Uno de los momentos que reflejan mejor el contraste entre los antagonismos que nos constituyen y la simplicidad de las teorías políticas y morales habituales es el de los periodos revolucionarios. Son momentos en que se quieren lograr varios objetivos deseables, entre otros: la libertad, la democracia, la justicia social, la eficiencia y la solidaridad, pero cada uno de ellos no acaba de ligar con los otros.
Alexis de Tocqueville fue un testigo excepcional de la revolución de París de 1848. En contraste con revoluciones anteriores de carácter más político (la revolución inglesa de 1688 o las revoluciones americana y francesa de la segunda mitad del siglo XVIII), los acontecimientos de 1848 representaron un “giro social”, tanto en relación con los objetivos como en los medios utilizados por los revolucionarios. En sus Recuerdos (Souvenirs) sobre aquella revolución, Tocqueville corrige lo que había postulado en Democracia.
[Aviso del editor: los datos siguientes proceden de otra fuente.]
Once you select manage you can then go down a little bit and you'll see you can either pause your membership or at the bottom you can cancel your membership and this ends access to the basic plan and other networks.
Si antes creía que el antagonismo entre liberalismo político y democracia había llegado a ser compatible en la práctica a pesar de estar presidido por lógicas diferentes, la cuestión social le parece un nuevo factor que provocará una inestabilidad permanente.
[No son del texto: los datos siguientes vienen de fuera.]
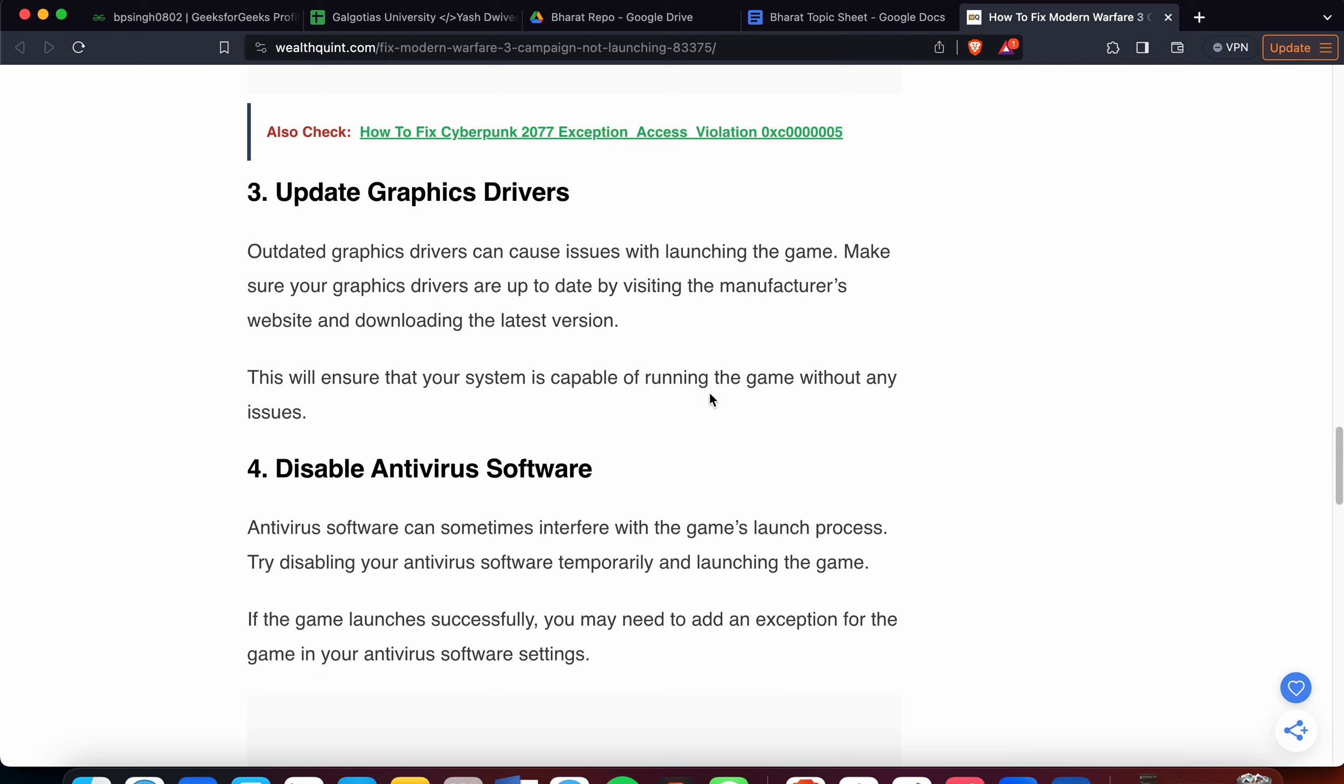You can also go to the website according to your graphics card name. For example, if your graphics card is from NVIDIA, then you can go to NVIDIA's website and directly update your graphics card through the GeForce Experience manager.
Amante irreductible de la libertad política, el pensador francés ve en el incipiente socialismo un peligro para los objetivos de la revolución francesa. “El socialismo –dice– quedará como el carácter esencial y el recuerdo más temible de la revolución de febrero. La república no aparecerá más que como un medio, no como un fin”. Y en un tono marcadamente pesimista: “Y he ahí cómo la revolución francesa vuelve a empezar, porque siempre es la misma. Así que avanzamos, su final se aleja y se oscurece (…) Estoy cansado de confundir con la orilla, una vez y otra, unas nieblas engañosas, y a menudo me pregunto si esta tierra firme que buscamos desde hace tanto tiempo en realidad existe, o si nuestro destino no será más bien el de azotar el mar eternamente”.
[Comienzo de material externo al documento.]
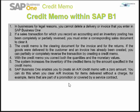The credit memo is a clearing document for the invoice and for returning goods. If the goods were delivered to the customer and an invoice has already been created, you can partially or completely reverse the transaction by creating a credit memo. That's why the credit memo is an important document for businesses, and SAP Business One fulfills this requirement. With the credit memo, you correct both the quantities and monetary values. The system increases the inventory of the credited items by the amounts specified in the credit memo, credits the value in the customer's account, and amends the revenue account by the same amount. The system also corrects the tax amounts automatically.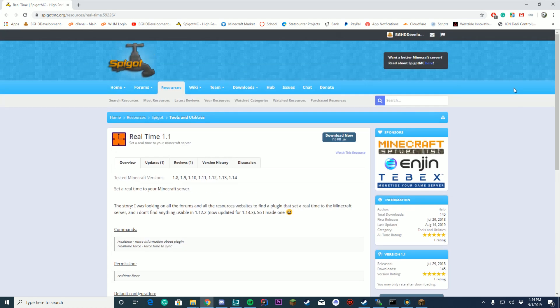Hello everybody, welcome back to the final episode of tutorial week. My name is Doodles and today we are checking out Real Time by Holo here on Spigot MC. It works on 1.8 through 1.14. What it does is it syncs your in-game time to the time it is on the server or in real life, which is pretty interesting.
Hoy podemos decir que no hay nunca una orilla final en términos emancipadores, sino que las democracias liberales son siempre viajes hacia puertos transitorios más confortables. Los estados de bienestar han recogido buena parte de los valores y objetivos de una perspectiva “social” antes revolucionaria. Sin embargo, introducen un nuevo componente que resulta más fácil de articular en el ámbito práctico que en el ámbito teórico con los componentes liberales y democráticos. Hay una tensión inherente de fondo entre estos tres componentes de las democracias occidentales. Los tres son necesarios, pues todos aportan objetivos deseables, pero sus lógicas internas están siempre en tensión. Su síntesis teórica resulta imposible; su articulación sólo puede ser práctica (a través de la deliberación, la negociación y el voto).